Activity -
Leaving out all images, return the entries below exactly.

Short text fragments from websites
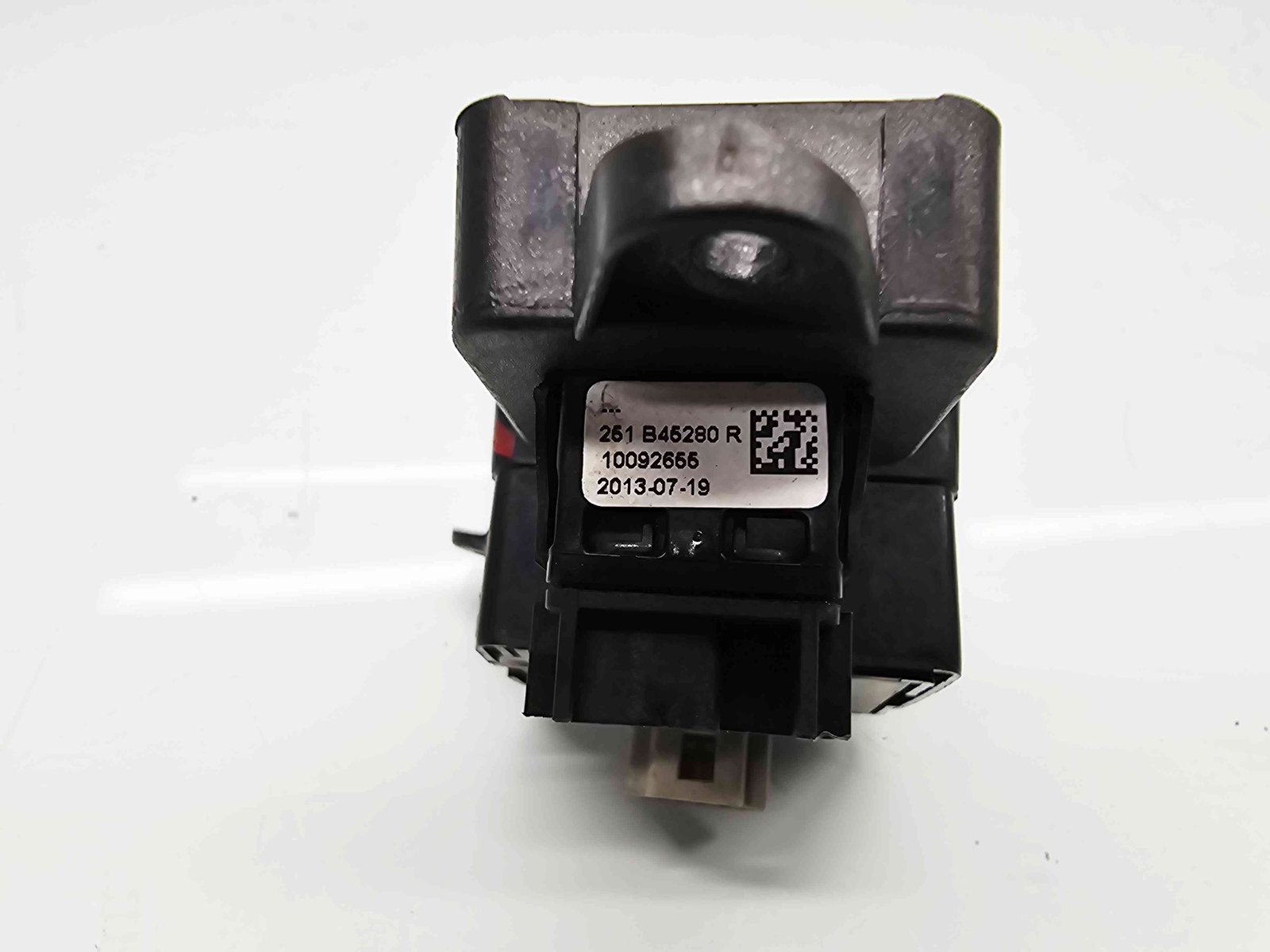 Buton eco Renault Megane 3 [Fabr 2008-2015] Facelift 251B45280R - imagine 3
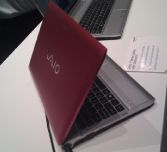 Sony Vaio  YB -     AMD E-350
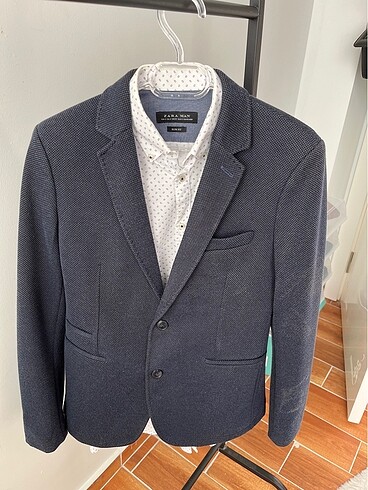 Zara Blazer Ceket - Gömlek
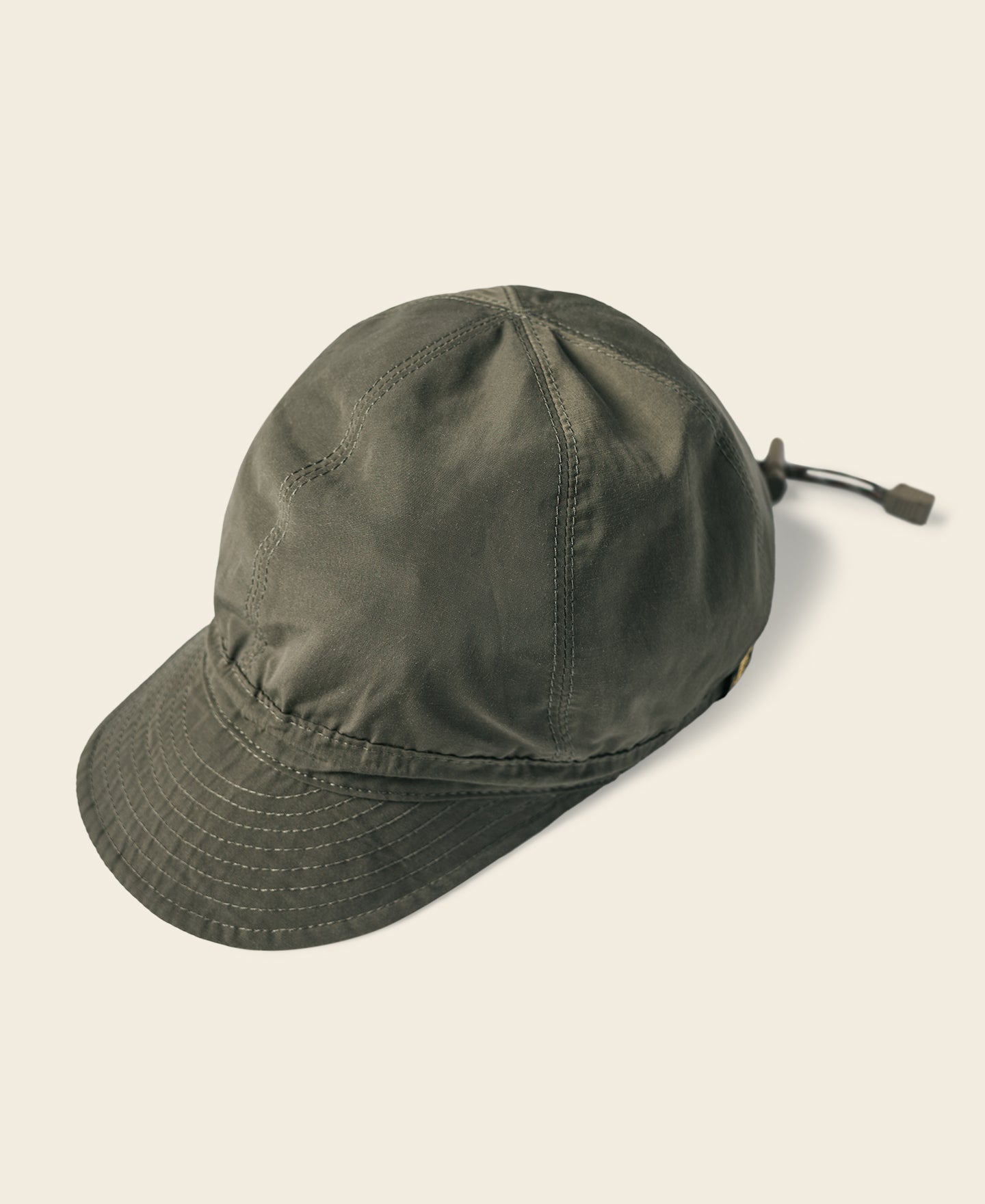 Herringbone Denim Outdoor Bucket Hat - Indigo | HBT Fisherman Hat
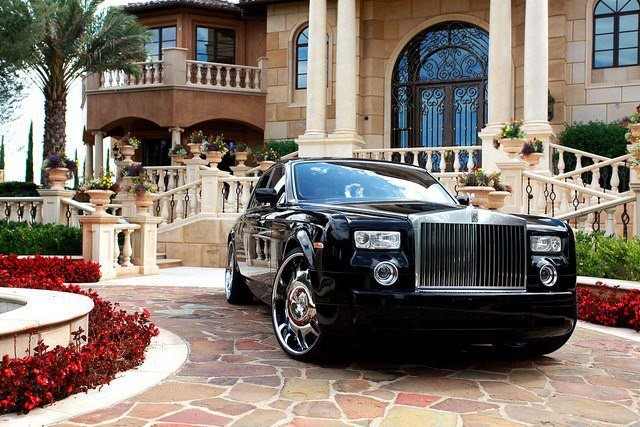 Rolls Royce Phantom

Solution to this exercise -
 Buton eco Renault Megane 3 [Fabr 2008-2015] Facelift 251B45280R - imagine 3
 Sony Vaio  YB -     AMD E-350
 Zara Blazer Ceket - Gömlek
 Herringbone Denim Outdoor Bucket Hat - Indigo | HBT Fisherman Hat
 Rolls Royce Phantom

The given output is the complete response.